Sort Story: Sorting Jumbled Images and Captions into Stories

Harsh Agrawal, Arjun Chandrasekaran, Dhruv Batra, Devi Parikh, Mohit Bansal

Introduction

Sequencing is a task for children that is aimed at improving understanding of the temporal occurrence of a sequence of events. The task is, given a jumbled set of images (and maybe captions) that belong to a single story, sort them into the correct order so that they form a coherent story. Our motivation in this work is to enable AI systems to better understand and predict the temporal nature of events in the world. To this end, we train machine learning models to perform the task of “sequencing”.

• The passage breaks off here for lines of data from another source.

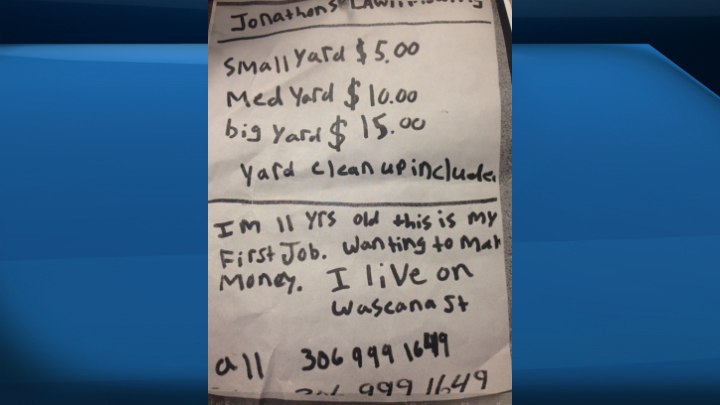 A picture of 11-year-old Jonathon McKinney’s ad for his lawn mowing business.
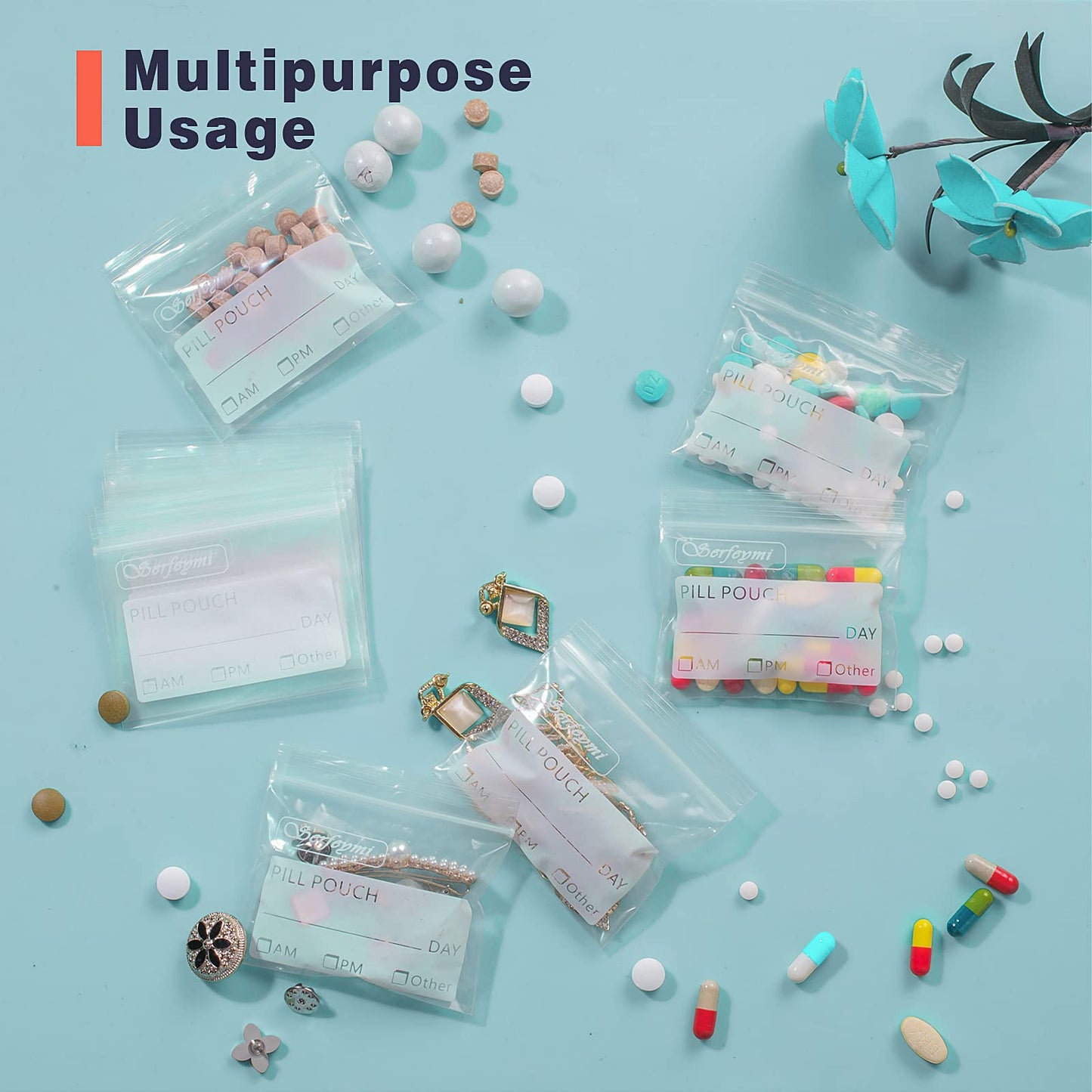 Serfeymi pocket size compact medical packets stored inside a travel bag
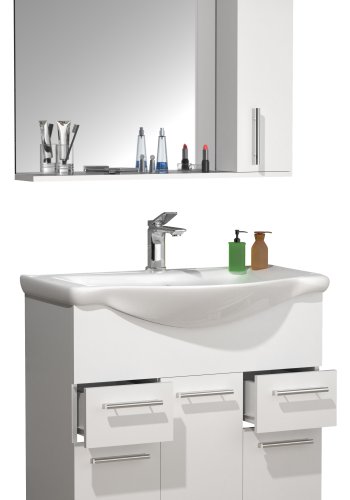 VCM NORDIC Lisalo XL 3-delt vask, m. speilskap, keramisk vask, 4 drer - hvit melamin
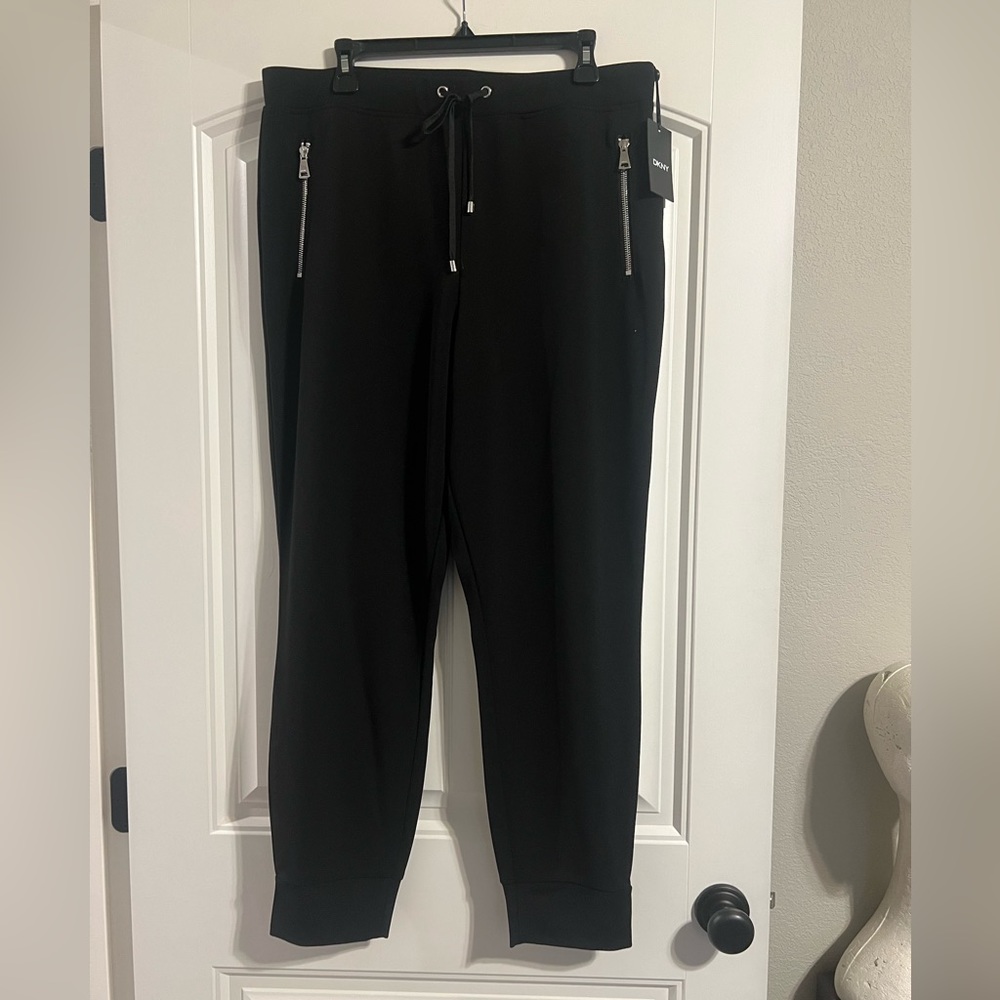 DKNY Women’s Black Pants Zip Pockets Drawstring Womens Large NWT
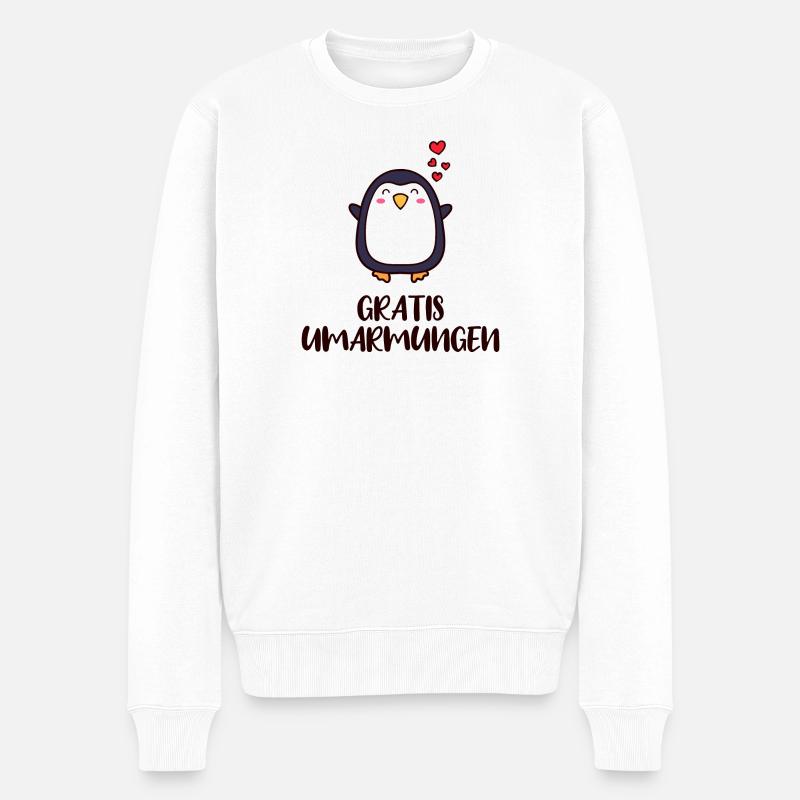 Pinguin Herz Süß Statement Tier Vogel Arktis - Männer Premium Bio Pullover - Weiß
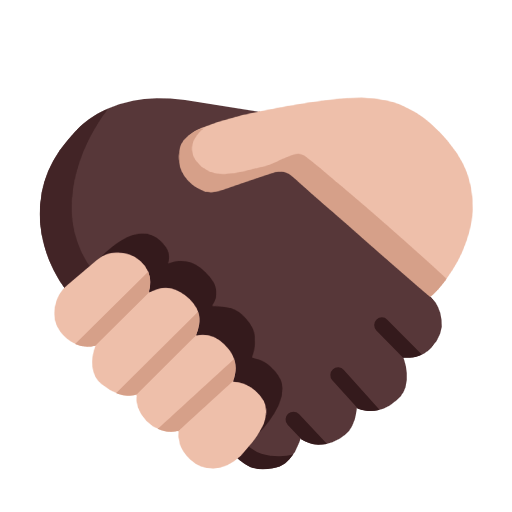 Microsoft design of the handshake: dark skin tone medium-light skin tone emoji verson:Windows-11-23H2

Temporal reasoning has a number of applications such as multi-document summarization of multiple sources of, say, news information where the relative order of events can be useful to accurately merge information in a temporally consistent manner. In question answering tasks [Richardson et al., 2013, Fader et al., 2014, Weston et al., 2015, Ren et al., 2015], answering questions related to when an event occurs, or what events occurred prior to a particular event require temporal reasoning. A good temporal model of events in everyday life, i.e., a “temporal common sense”, could also improve the quality of communication between AI systems and humans.

Stories are a form of narrative sequences that have an inherent temporal common sense structure. We propose the use of visual stories depicting personal events to learn temporal common sense. We use stories from the Sequential Image Narrative Dataset (SIND) [Huang et al., 2016] in which a set of 5 aligned image-caption pairs together form a coherent story. Given an input story that is jumbled (Fig. 1(a)), we train machine learning models to sort them into a coherent story (Fig. 1(b)).Note that ‘jumbled’ here refers to the loss of temporal ordering; image-caption pairs are still aligned.

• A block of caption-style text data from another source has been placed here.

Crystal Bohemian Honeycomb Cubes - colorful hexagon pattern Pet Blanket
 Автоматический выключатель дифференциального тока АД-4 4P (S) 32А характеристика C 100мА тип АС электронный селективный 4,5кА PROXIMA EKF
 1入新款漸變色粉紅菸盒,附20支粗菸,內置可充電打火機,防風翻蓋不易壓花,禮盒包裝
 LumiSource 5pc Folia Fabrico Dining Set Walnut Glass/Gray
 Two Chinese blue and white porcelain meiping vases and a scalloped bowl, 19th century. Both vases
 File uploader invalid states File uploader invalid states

Our contributions are as follows: – We propose the task of visual story sequencing. – We implement two approaches to solve the task: one based on individual story elements to predict position, and the other based on pairwise story elements to predict relative order of story elements. We also combine these approaches in a voting scheme that outperforms the individual methods. – As features, we represent a story element as both text-based features from the caption and image-based features, and show that they provide complementary improvements. For text-based features, we use both sentence context and relative order based distributed representations. – We show qualitative examples of our models learning temporal common sense.

Related Work

Temporal ordering has a rich history in NLP research. Scripts [Schank and Abelson, 2013], and more recently, narrative chains [Chambers and Jurafsky, 2008] contain information about the participants and causal relationships between events that enable the understanding of stories. A number of works [Mani and Schiffman, 2005, Mani et al., 2006, Boguraev and Ando, 2005] learn temporal relations and properties of news events from the dense, expert-annotated TimeBank corpus [Pustejovsky et al., 2003]. In our work, however, we use multi-modal story data that has no temporal annotations.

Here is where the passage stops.